Donate to Strange Horizons – support quality free genre fiction on the web

Hey, y’know how we publish a free piece of fiction every month? Well, Strange Horizons has been publishing a free piece of genre fiction every week. Plus poetry, and non-fiction, and reviews. All of which they pay professional rates for. None of which makes them a profit, or pays the volunteer staff and editors in anything but kudos.

And they’ve been doing it for eight years.

When I sat down to think about how to make enough money to pay for Futurismic‘s fiction, I considered but rejected the idea of having a public funding drive – the main reason being that Strange Horizons already uses that model, and I didn’t want to divert any of the spare money in the genre fiction scene away from them.
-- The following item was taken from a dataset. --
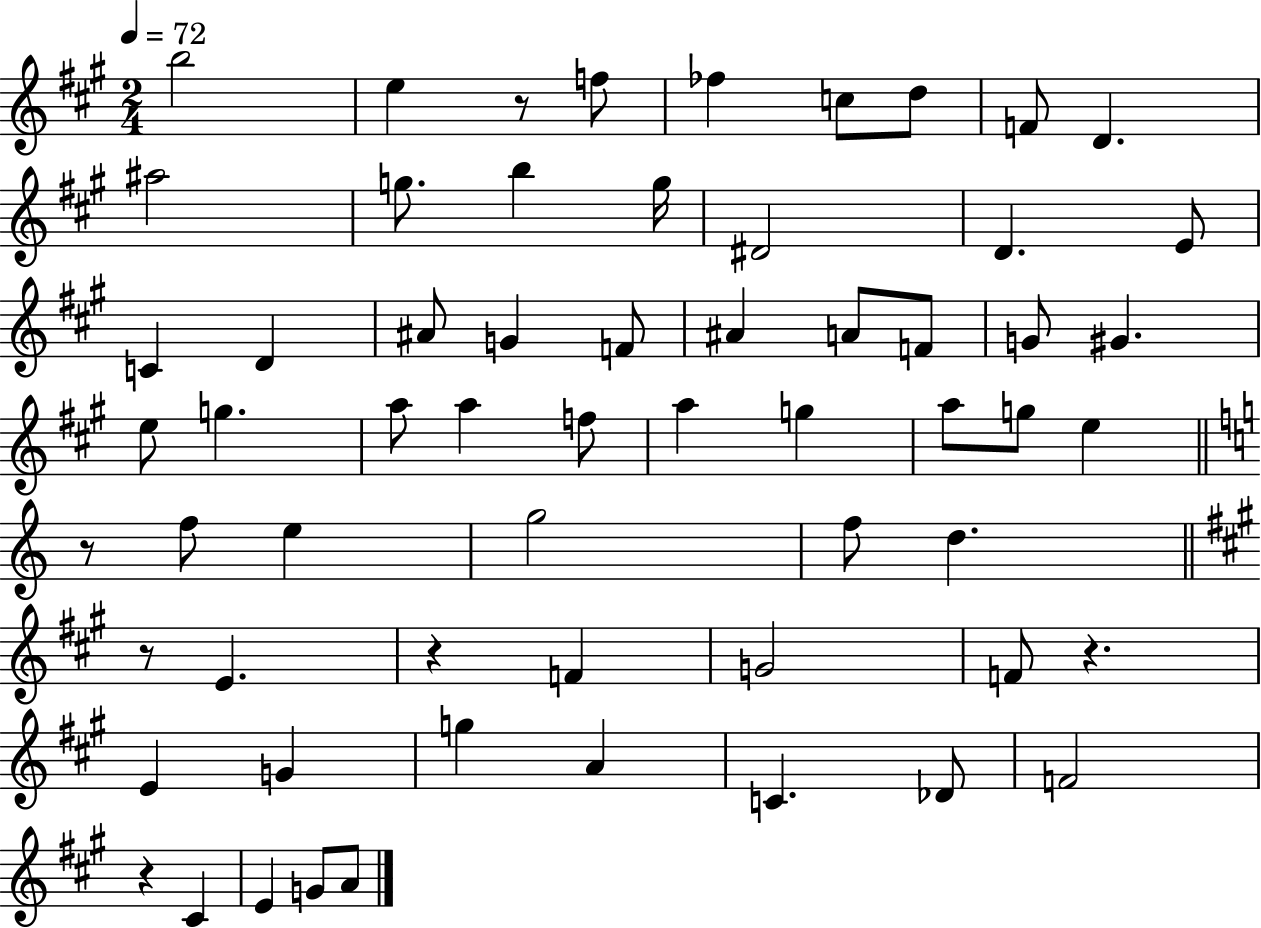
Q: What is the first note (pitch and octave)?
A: B5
So here on Futurismic you get ads, but Strange Horizons has no ads at all. Eight years of archived professional material, completely and utterly free to read and free of distracting commercial messages. It’s a genre fiction resource to which nothing compares, which has broken many great new writers into the scene, and we’re very lucky it exists.

Which is why I suggest you may want to consider popping over to Strange Horizons and donating a few dollars, especially if you’ve ever read anything on the site. And if you’ve never read anything there, now would be a great time to start.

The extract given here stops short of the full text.